Given data »
========================

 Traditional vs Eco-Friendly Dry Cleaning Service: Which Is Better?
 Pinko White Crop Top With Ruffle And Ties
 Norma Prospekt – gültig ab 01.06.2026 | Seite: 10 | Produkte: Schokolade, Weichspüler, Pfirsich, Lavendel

========================

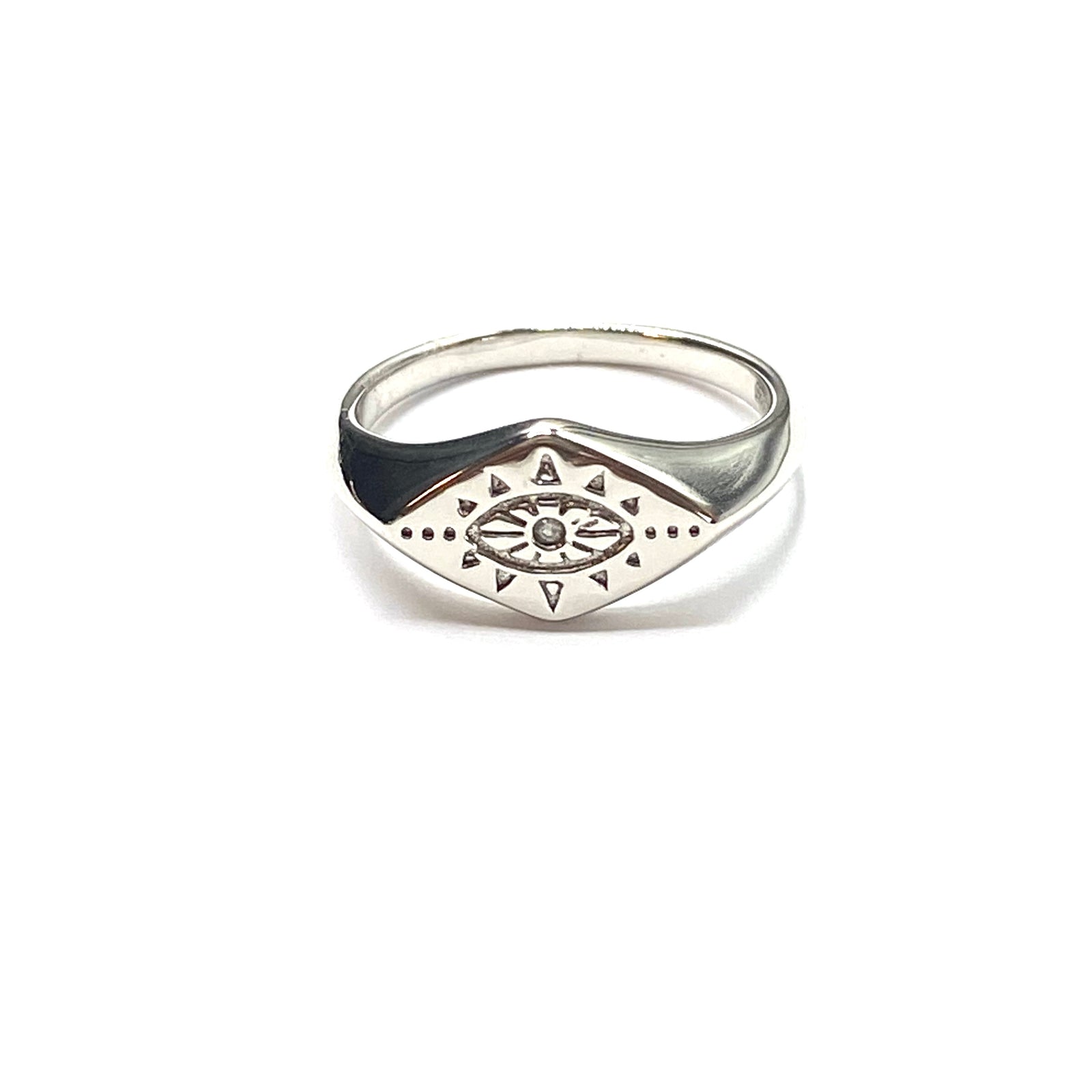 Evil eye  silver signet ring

========================

Directions » Where the listing above has a line with "Traditional vs Eco-Friendly", start there, and output every line exactly through the line with "Norma Prospekt –", which is also included.

Solution for this task »
 Traditional vs Eco-Friendly Dry Cleaning Service: Which Is Better?
 Pinko White Crop Top With Ruffle And Ties
 Norma Prospekt – gültig ab 01.06.2026 | Seite: 10 | Produkte: Schokolade, Weichspüler, Pfirsich, Lavendel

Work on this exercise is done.